* [ENTRIES PROVIDED]
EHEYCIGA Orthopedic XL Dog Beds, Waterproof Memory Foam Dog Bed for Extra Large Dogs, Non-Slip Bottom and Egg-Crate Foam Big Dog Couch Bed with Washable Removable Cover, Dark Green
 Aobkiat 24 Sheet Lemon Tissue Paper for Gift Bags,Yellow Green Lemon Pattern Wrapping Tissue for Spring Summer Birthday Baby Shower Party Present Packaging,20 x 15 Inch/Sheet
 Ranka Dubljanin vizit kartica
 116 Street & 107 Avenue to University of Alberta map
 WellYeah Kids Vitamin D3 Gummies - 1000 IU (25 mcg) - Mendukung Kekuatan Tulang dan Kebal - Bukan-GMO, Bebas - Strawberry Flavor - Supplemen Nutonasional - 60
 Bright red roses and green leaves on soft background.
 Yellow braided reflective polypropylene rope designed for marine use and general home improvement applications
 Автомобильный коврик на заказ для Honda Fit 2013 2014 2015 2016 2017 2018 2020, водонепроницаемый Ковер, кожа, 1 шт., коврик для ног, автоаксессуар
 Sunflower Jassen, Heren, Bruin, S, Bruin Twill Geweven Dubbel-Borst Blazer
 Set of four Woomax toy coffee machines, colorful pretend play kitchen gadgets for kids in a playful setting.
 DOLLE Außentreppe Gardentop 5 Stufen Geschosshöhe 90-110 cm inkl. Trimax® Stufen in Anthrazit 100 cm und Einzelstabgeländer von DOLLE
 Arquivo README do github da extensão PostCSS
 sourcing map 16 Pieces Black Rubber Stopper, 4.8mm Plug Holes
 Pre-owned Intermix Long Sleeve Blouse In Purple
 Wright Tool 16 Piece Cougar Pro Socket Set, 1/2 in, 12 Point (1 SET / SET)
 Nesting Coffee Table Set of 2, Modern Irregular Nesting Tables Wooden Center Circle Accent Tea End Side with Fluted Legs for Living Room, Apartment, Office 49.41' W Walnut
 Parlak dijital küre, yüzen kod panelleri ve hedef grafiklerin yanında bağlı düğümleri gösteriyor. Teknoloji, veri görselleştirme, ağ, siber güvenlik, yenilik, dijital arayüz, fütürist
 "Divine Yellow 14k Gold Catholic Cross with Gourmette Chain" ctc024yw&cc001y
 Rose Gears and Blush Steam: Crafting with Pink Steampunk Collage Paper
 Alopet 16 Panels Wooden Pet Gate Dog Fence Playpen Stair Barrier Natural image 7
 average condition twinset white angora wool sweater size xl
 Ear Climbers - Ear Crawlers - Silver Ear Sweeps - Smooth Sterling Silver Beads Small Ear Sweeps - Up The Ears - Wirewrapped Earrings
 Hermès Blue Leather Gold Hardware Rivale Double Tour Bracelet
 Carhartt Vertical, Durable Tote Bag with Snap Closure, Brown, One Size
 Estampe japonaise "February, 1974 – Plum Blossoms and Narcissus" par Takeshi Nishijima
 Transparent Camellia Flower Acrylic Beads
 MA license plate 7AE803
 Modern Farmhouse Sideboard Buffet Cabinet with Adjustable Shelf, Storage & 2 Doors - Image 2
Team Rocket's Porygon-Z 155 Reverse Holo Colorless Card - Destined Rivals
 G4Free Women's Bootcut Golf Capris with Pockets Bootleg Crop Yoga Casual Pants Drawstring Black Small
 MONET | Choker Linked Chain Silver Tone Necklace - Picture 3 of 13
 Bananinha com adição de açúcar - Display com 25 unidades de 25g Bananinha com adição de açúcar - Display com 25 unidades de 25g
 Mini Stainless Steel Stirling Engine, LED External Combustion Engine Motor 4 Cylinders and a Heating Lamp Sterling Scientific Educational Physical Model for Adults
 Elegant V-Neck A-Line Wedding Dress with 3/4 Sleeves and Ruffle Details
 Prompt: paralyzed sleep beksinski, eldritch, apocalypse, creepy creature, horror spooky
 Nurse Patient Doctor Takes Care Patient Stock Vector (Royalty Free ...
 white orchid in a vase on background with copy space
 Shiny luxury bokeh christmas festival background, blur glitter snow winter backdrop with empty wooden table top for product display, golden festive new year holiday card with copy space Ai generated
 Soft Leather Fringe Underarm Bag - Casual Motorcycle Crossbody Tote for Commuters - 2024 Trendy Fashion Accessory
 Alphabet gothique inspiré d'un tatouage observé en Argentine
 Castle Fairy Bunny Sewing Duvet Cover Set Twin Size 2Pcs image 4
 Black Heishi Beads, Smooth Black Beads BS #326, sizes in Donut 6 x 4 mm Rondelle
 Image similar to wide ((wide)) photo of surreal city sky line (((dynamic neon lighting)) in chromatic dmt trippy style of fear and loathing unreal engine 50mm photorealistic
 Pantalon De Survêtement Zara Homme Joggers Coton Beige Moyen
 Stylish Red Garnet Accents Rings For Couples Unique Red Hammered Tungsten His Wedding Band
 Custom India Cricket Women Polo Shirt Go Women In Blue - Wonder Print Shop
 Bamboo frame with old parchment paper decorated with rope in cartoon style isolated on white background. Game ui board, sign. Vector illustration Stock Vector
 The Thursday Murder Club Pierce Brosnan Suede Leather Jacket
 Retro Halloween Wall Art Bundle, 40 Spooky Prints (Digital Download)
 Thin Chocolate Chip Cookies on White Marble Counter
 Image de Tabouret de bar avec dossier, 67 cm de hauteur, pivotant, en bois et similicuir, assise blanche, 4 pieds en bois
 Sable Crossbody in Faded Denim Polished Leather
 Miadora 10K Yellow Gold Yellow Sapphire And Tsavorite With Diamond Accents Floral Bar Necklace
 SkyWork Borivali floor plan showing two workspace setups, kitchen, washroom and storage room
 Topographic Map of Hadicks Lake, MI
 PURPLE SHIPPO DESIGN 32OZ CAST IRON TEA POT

* [TASK DETAILS] Look above for the line holding "Ranka Dubljanin vizit kartica" and the line holding "Wright Tool 16". Retype both, and every line between them, word for word and nothing else.

* [SOLUTION]
 Ranka Dubljanin vizit kartica
 116 Street & 107 Avenue to University of Alberta map
 WellYeah Kids Vitamin D3 Gummies - 1000 IU (25 mcg) - Mendukung Kekuatan Tulang dan Kebal - Bukan-GMO, Bebas - Strawberry Flavor - Supplemen Nutonasional - 60
 Bright red roses and green leaves on soft background.
 Yellow braided reflective polypropylene rope designed for marine use and general home improvement applications
 Автомобильный коврик на заказ для Honda Fit 2013 2014 2015 2016 2017 2018 2020, водонепроницаемый Ковер, кожа, 1 шт., коврик для ног, автоаксессуар
 Sunflower Jassen, Heren, Bruin, S, Bruin Twill Geweven Dubbel-Borst Blazer
 Set of four Woomax toy coffee machines, colorful pretend play kitchen gadgets for kids in a playful setting.
 DOLLE Außentreppe Gardentop 5 Stufen Geschosshöhe 90-110 cm inkl. Trimax® Stufen in Anthrazit 100 cm und Einzelstabgeländer von DOLLE
 Arquivo README do github da extensão PostCSS
 sourcing map 16 Pieces Black Rubber Stopper, 4.8mm Plug Holes
 Pre-owned Intermix Long Sleeve Blouse In Purple
 Wright Tool 16 Piece Cougar Pro Socket Set, 1/2 in, 12 Point (1 SET / SET)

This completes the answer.